Figure 5. Relative abundance of 3 key taxa at the family level. Relative abundance of Bifidobacteriaceae, Lachnospiraceae, and Lactobacillaceae in each community. Significance determined via Tukey’s multiple comparison of means and shown in Supplementary Table S1.
This data was also used to look more closely at specific taxa known to ferment dietary fibers or that showed significant changes in response to these different supplementation options (Figure 6; Supplementary Table S2). As expected, changes seen at this level are donor-, region-, and phase-dependent. Bifidobacterium (Figure 6A) significantly increased in relative abundance with ISF in the PC regions for donor in the luminal phase (q < 0.0005) and the mucosal phase (q < 0.0005), with a smaller, non-significant increase in the DC as well. In the mucosal phase, ISF decreased in relative abundance of Bifidobacterium in comparison with control for donor 3, however this change was not statistically significant. Treatment with SF also increased Bifidobacterium in the luminal phase of the PC in donor 1. Conversely, ISF (q < 0.005) and SF (q < 0.0005) both caused a significant decrease in Bifidobacterium abundance in the PC of donor 2, however the starting abundance of Bifidobacterium was already low.
Figure 6. Relative abundance of significant taxa.
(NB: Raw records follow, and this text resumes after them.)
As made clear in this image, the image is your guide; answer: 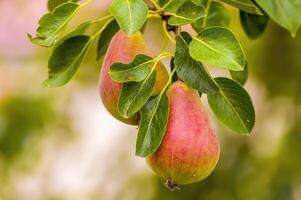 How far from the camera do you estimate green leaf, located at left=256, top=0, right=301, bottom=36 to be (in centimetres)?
95

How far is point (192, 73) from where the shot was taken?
0.90 metres

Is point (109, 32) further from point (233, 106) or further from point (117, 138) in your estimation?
point (117, 138)

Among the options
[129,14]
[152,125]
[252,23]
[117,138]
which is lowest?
[117,138]

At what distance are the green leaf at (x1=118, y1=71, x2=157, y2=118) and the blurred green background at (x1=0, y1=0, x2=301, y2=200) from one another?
1271 mm

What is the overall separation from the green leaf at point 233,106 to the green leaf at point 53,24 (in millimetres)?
211

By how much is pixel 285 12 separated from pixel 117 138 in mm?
1667

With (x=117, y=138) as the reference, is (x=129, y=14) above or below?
above

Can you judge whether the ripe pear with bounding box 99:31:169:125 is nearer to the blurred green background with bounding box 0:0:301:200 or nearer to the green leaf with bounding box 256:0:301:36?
the green leaf with bounding box 256:0:301:36

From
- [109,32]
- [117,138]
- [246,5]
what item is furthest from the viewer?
[117,138]

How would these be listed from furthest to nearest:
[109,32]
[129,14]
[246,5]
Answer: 1. [109,32]
2. [246,5]
3. [129,14]

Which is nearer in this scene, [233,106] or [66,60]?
[233,106]

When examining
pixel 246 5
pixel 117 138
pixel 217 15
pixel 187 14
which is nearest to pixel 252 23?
pixel 217 15

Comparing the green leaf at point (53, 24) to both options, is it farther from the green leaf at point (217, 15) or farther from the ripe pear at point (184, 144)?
the green leaf at point (217, 15)

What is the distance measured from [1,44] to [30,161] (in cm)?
42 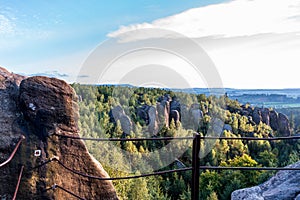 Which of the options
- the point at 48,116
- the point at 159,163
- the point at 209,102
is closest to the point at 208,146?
the point at 159,163


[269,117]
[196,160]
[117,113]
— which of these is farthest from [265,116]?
[196,160]

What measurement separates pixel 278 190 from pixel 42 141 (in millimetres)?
2259

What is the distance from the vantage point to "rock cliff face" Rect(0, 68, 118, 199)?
256 cm

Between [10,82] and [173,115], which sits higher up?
[10,82]

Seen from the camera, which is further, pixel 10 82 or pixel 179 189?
pixel 179 189

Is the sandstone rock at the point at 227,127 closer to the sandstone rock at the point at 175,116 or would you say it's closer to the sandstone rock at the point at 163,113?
the sandstone rock at the point at 175,116

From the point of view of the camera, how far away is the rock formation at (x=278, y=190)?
3.02m

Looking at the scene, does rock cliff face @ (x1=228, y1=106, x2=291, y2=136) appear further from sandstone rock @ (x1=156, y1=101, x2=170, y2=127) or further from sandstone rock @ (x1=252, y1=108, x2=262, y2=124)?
sandstone rock @ (x1=156, y1=101, x2=170, y2=127)

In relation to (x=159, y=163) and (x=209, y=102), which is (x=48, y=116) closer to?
→ (x=159, y=163)

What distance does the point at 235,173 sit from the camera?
16141mm

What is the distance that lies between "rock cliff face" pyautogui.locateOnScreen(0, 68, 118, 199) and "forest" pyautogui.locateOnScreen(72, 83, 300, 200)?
856 centimetres

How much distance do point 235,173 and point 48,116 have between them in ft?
48.7

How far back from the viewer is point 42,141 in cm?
262

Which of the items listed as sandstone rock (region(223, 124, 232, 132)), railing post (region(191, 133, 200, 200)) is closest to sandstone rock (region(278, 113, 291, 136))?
sandstone rock (region(223, 124, 232, 132)) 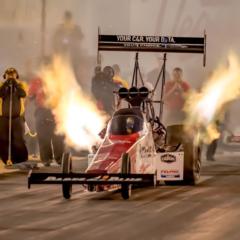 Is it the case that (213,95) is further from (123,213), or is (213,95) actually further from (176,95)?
(123,213)

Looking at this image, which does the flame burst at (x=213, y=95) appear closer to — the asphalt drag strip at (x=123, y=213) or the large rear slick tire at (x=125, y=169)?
the asphalt drag strip at (x=123, y=213)

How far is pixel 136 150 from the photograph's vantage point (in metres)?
10.8

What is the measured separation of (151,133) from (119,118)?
2.00 ft

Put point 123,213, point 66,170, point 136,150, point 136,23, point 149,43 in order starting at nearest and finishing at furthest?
point 123,213
point 66,170
point 136,150
point 149,43
point 136,23

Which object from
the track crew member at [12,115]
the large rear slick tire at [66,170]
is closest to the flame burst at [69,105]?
the track crew member at [12,115]

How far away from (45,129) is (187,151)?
4.94 metres

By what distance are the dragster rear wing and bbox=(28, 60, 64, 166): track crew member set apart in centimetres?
408

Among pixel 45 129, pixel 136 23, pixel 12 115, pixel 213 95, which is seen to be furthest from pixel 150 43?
pixel 136 23

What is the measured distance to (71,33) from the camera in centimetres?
1898

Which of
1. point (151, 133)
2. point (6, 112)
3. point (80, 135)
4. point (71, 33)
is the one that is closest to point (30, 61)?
point (71, 33)

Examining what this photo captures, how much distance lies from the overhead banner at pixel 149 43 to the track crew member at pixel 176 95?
18.7ft

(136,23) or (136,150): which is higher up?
(136,23)

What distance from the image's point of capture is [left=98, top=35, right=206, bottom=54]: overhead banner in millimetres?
12641

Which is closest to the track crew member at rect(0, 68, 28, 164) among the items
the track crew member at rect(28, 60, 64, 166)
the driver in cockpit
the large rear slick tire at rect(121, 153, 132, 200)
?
the track crew member at rect(28, 60, 64, 166) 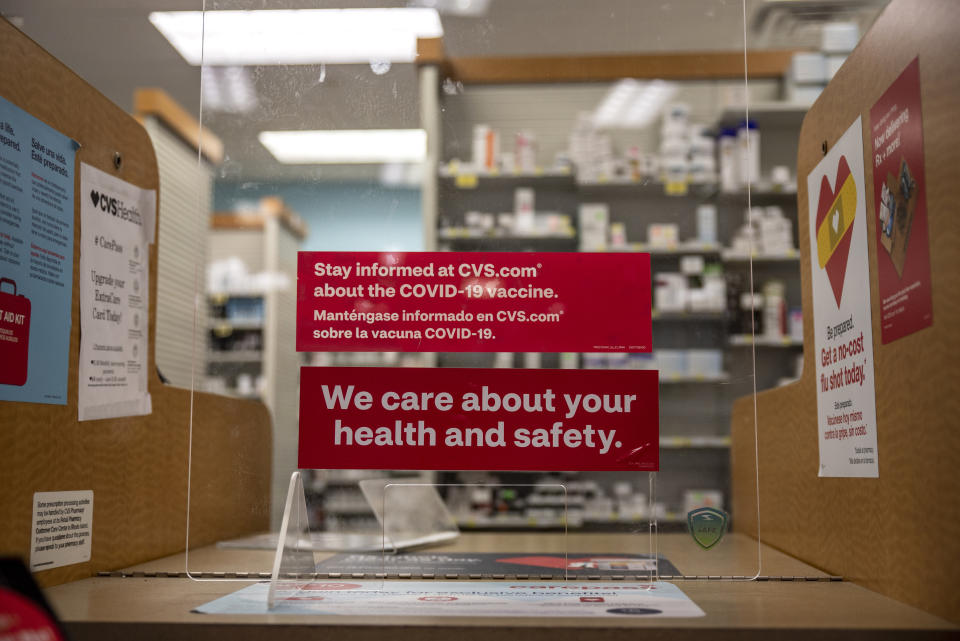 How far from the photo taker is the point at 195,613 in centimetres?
119

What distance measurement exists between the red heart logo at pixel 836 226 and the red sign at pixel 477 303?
365mm

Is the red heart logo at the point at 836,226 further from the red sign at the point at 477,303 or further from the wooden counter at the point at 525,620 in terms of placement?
the wooden counter at the point at 525,620

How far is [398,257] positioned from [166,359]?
4.75 m

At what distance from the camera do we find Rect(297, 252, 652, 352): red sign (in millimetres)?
1581

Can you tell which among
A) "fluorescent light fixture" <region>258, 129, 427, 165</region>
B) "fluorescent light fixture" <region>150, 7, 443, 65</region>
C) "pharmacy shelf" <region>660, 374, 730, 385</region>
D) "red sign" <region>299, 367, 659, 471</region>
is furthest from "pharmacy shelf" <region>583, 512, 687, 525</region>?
"fluorescent light fixture" <region>150, 7, 443, 65</region>

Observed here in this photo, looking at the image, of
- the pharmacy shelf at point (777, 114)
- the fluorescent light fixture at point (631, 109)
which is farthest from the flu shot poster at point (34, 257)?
the pharmacy shelf at point (777, 114)

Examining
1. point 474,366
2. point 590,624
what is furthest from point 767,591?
point 474,366

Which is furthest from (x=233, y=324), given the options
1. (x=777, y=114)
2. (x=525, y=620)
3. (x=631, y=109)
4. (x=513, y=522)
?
(x=525, y=620)

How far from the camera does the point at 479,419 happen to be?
155cm

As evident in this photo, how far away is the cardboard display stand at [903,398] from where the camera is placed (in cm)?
114

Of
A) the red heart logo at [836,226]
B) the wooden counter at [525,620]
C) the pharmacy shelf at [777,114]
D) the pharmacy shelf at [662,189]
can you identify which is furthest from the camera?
the pharmacy shelf at [777,114]

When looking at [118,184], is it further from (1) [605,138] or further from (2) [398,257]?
(1) [605,138]

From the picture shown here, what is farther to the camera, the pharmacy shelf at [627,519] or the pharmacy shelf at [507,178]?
the pharmacy shelf at [507,178]

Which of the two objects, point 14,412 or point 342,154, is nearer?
point 14,412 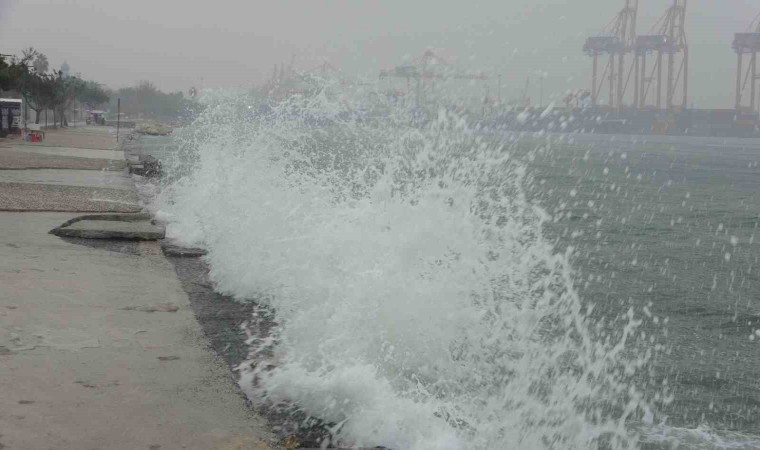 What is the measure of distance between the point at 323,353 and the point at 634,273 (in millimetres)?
7638

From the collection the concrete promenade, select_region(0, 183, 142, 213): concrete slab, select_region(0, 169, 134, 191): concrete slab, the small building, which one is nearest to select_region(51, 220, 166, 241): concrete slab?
the concrete promenade

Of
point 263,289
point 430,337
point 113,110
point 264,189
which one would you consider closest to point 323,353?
point 430,337

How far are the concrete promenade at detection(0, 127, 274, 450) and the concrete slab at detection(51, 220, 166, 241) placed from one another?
0.49m

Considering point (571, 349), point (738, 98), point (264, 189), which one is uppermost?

Colors are as found in previous figures: yellow indicates control, blue indicates ISF, green indicates SF. Significance was determined using ANOVA and is shown in Supplementary Table S2. (A) Bifidobacteriaceae Bifidobacterium; (B) Ruminococcaceae Faecalibacterium; (C) Fusobacteriaceae Fusobacterium; (D) Bacteroidaceae Bacteroides; (E) Lachnospiraceae Blautia; (F) Lachnospiraceae Clostridium; (G) Lactobacillaceae; (H) Lachnospiraceae Roseburia. * = q < 0.05; ** = q < 0.01; *** = q < 0.001; **** = q < 0.0001.
Faecalibacterium (Figure 6B) relative abundance significantly increased with ISF treatment only in donors 1 and 3 which was evident in the luminal PC. SF, on the other hand, significantly increased the abundance of Fusobacterium in the DC of donor 1 in both the luminal and mucosal phases (Figure 6C). The relative abundance of Bacteroides (Figure 6D), one of the more abundant members of the gut microbiota, did not change significantly with either fiber treatment.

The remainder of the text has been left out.